GSA Annual Meeting in Seattle, Washington, USA - 2017

Paper No. 7-2
Presentation Time: 8:30 AM

RADIONUCLIDE PROFILES AND CARBON ACCRUAL IN PERMAFROST SOIL AT TOOLIK LAKE, ALASKA


DEFRANCO, Karyn, Department of Geological Sciences, University of Delaware, 255 Academy Street, Newark, DE 19716, defranck@udel.edu

The response of the Arctic terrestrial carbon cycle to climate change is one of the largest uncertainties affecting climate change predictions and research. Current models give a wide, varying estimate of the fate of currently frozen permafrost carbon as the high-latitude climate warms. This study is investigating permafrost soil cores taken in 2016 from a 22-year snow fence experiment in Toolik, AK and will compare the radionuclide isotope depth profiles (7Be, 137Cs and 210Pb), carbon contents, and carbon stable isotope ratios of cores taken at different locations beneath varying winter snow depths. Be-7 activities were measurable only in the top 1-3 cm, corresponding to canopy thickness of current-year growth. Profiles of excess 210Pb were normalized to cumulative dry mass vs. depth to obtain accumulation rates of organic horizons assuming constant initial 210Pb concentration (i.e.
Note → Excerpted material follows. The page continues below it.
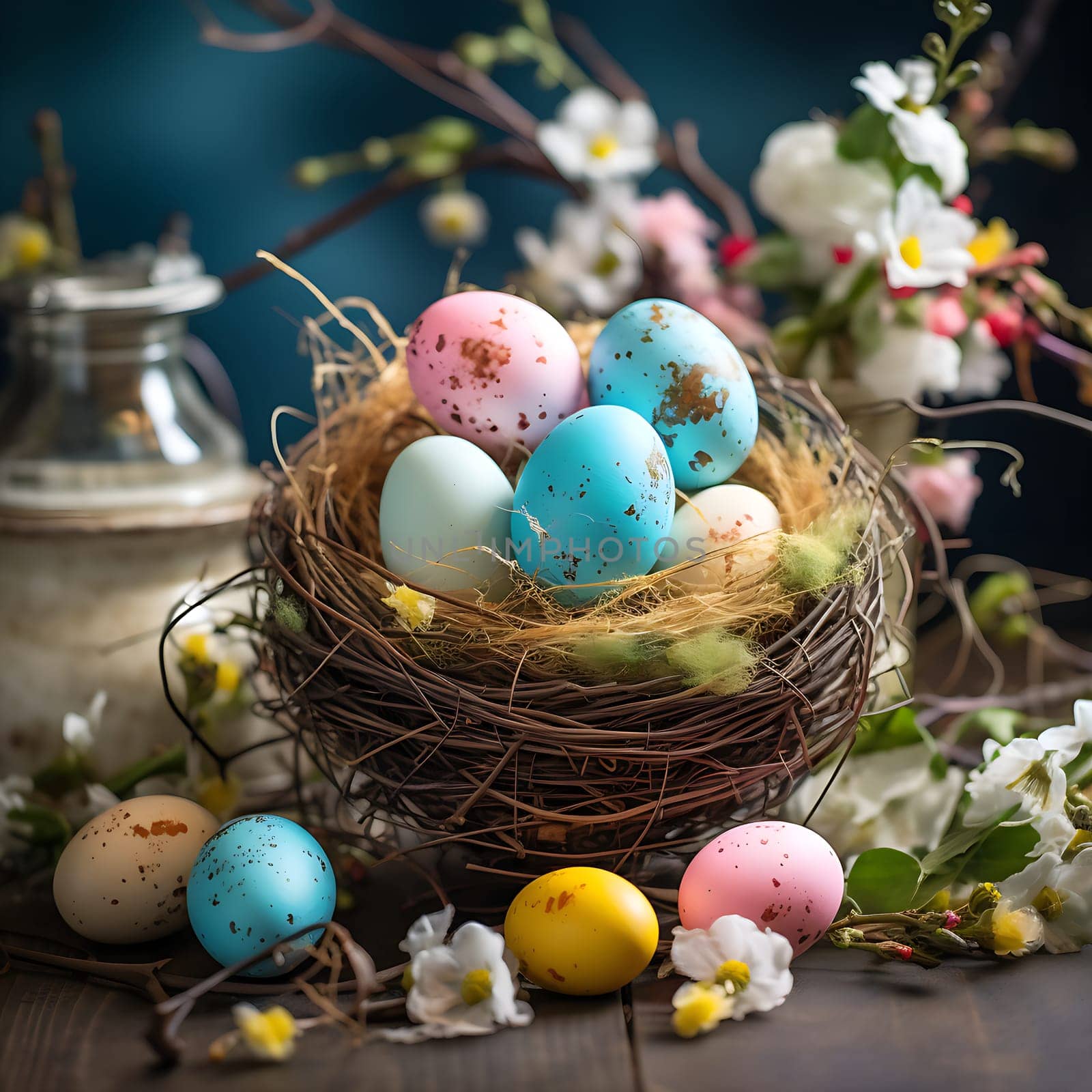 Photo of a beautiful Easter decoration generated by artificial intelligence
CIC model) in the accumulating material. The resulting age profiles were compared to the depth of the 137Cs peak that was deposited in 1963, yielding perfect agreement in some but not all cases. Results indicate nearly constant mass accumulation rates within each core profile, but different rates depending on snow depth. Previous studies have shown that 210Pb deposition is determined by the daily fluctuations in precipitation and by its concentration in ground-level air, with the annual deposition flux being driven by weather variations. Local topography may also play a significant role in the 210Pb accumulation variability. Therefore, the CIC model may not accurately represent the conditions at the Toolik Lake site. Work in progress will involve normalizing the 210Pb activities to the organic carbon content of the samples to better understand the response of the soil carbon system to changing snow depth as a proxy for climate warming.